[Captioned web image data]

* * * *

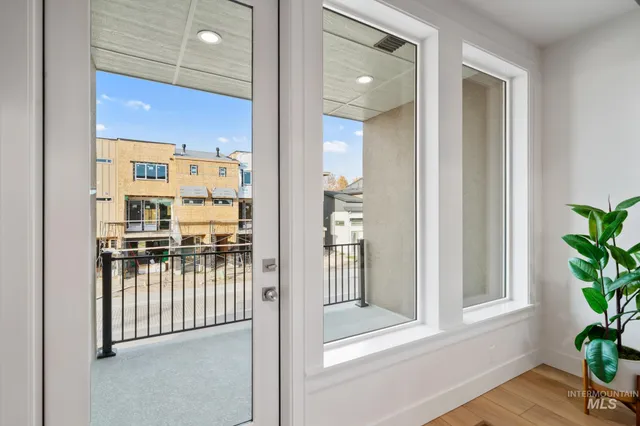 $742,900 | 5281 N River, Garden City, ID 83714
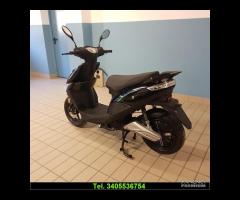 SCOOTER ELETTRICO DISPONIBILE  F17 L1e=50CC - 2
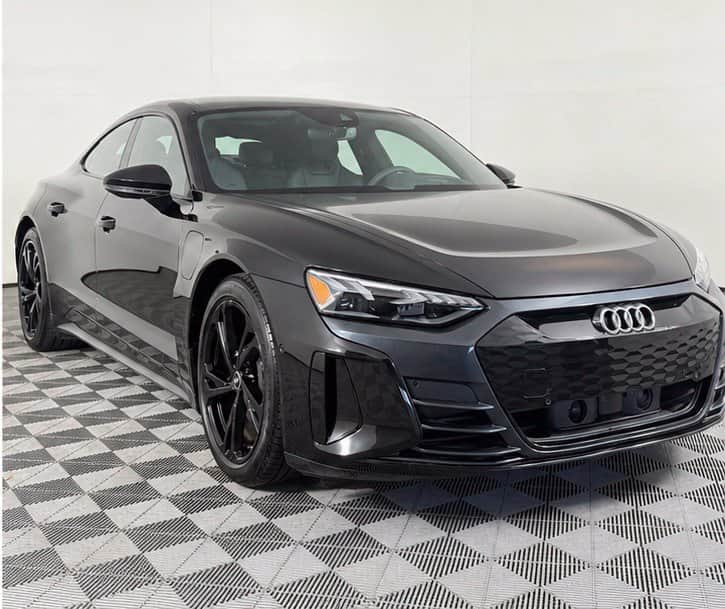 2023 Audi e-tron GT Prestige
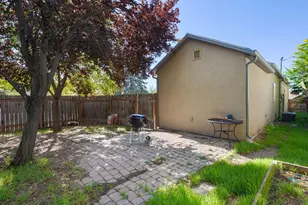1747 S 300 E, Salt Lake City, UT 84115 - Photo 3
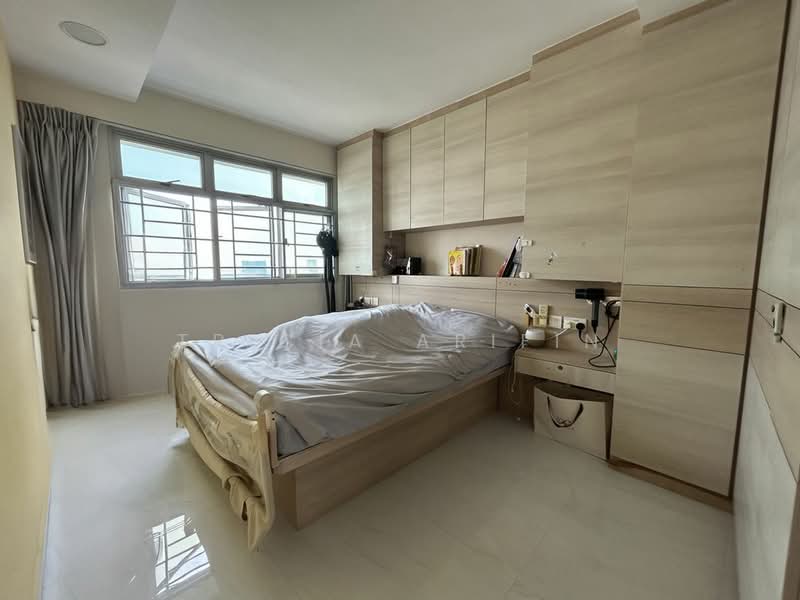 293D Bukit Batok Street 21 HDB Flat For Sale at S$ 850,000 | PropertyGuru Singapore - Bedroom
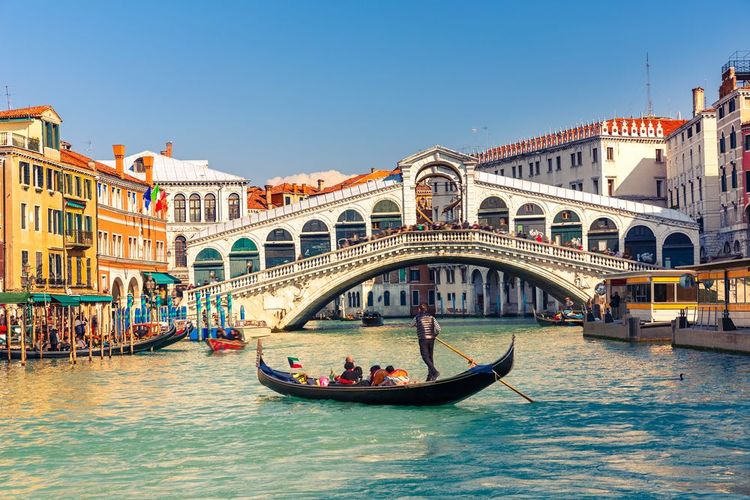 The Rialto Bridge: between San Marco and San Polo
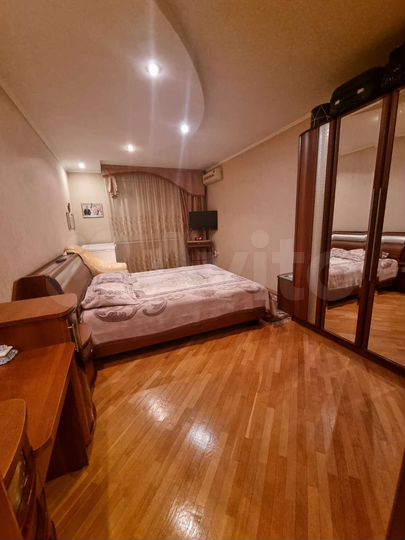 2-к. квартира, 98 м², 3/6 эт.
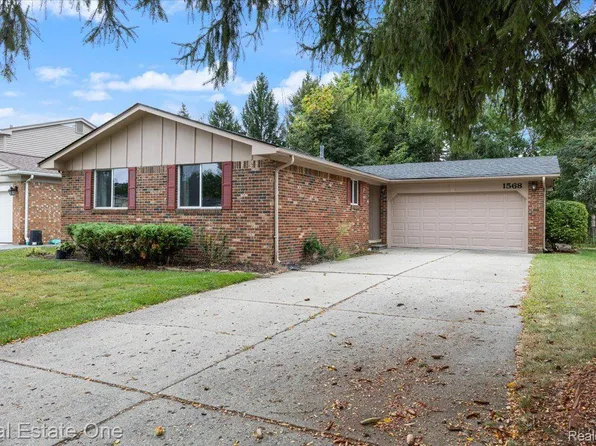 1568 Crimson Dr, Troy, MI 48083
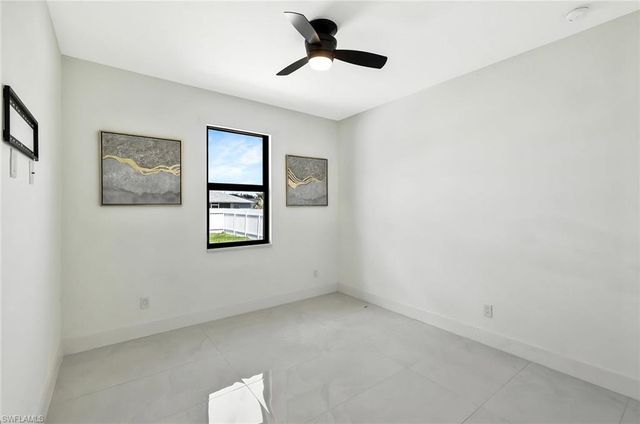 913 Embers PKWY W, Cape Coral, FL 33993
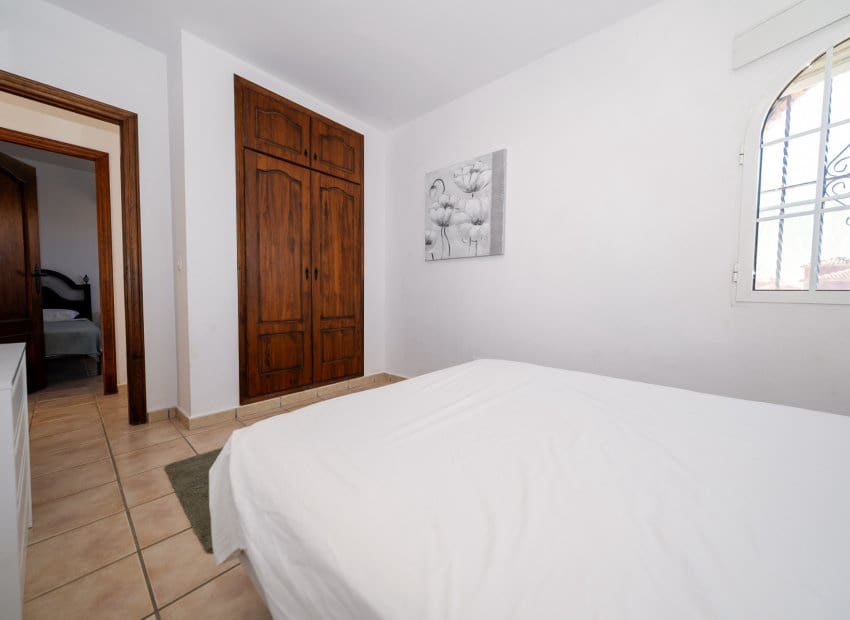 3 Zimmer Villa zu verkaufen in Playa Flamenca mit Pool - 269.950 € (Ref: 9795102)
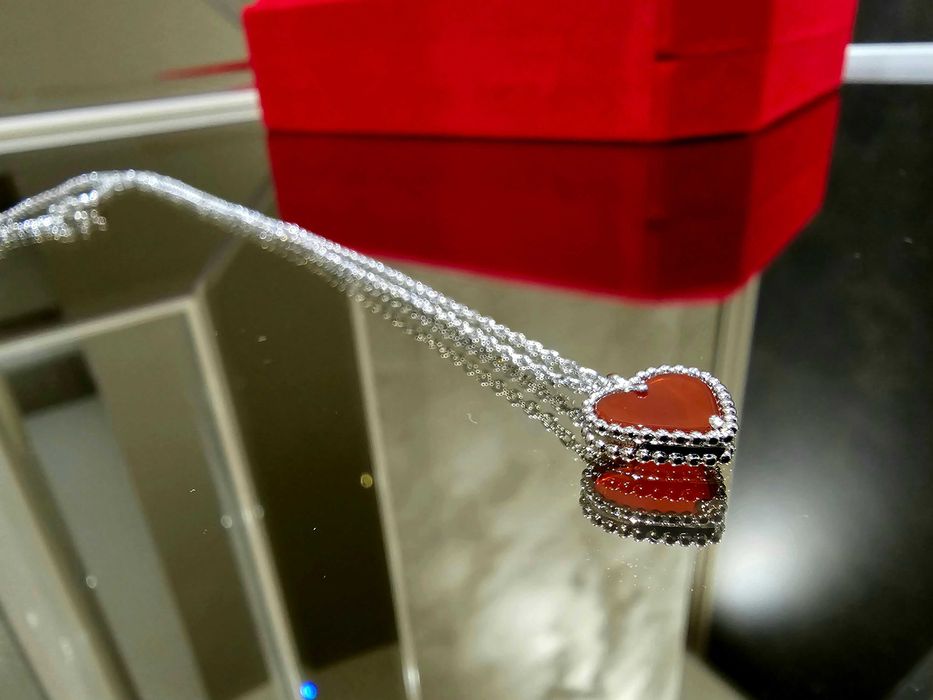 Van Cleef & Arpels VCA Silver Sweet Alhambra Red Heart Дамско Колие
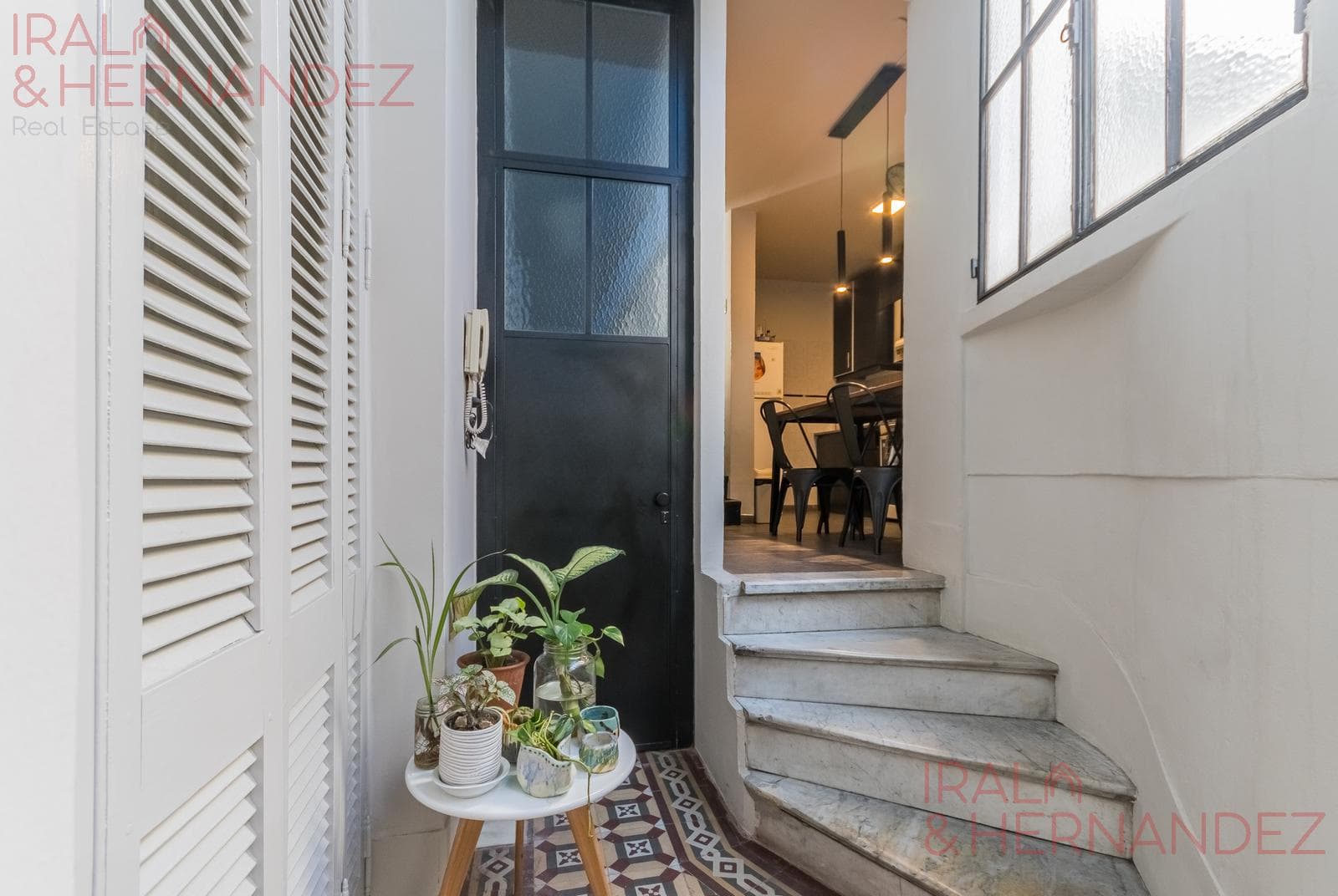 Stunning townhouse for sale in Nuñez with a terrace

* * * *

Problem description: The copy should begin at the line containing "2023 Audi e-tron GT Prestige" and end at the last line of the data above; please restate those lines word for word without the pictures.

Task answer:
 2023 Audi e-tron GT Prestige
1747 S 300 E, Salt Lake City, UT 84115 - Photo 3
 293D Bukit Batok Street 21 HDB Flat For Sale at S$ 850,000 | PropertyGuru Singapore - Bedroom
 The Rialto Bridge: between San Marco and San Polo
 2-к. квартира, 98 м², 3/6 эт.
 1568 Crimson Dr, Troy, MI 48083
 913 Embers PKWY W, Cape Coral, FL 33993
 3 Zimmer Villa zu verkaufen in Playa Flamenca mit Pool - 269.950 € (Ref: 9795102)
 Van Cleef & Arpels VCA Silver Sweet Alhambra Red Heart Дамско Колие
 Stunning townhouse for sale in Nuñez with a terrace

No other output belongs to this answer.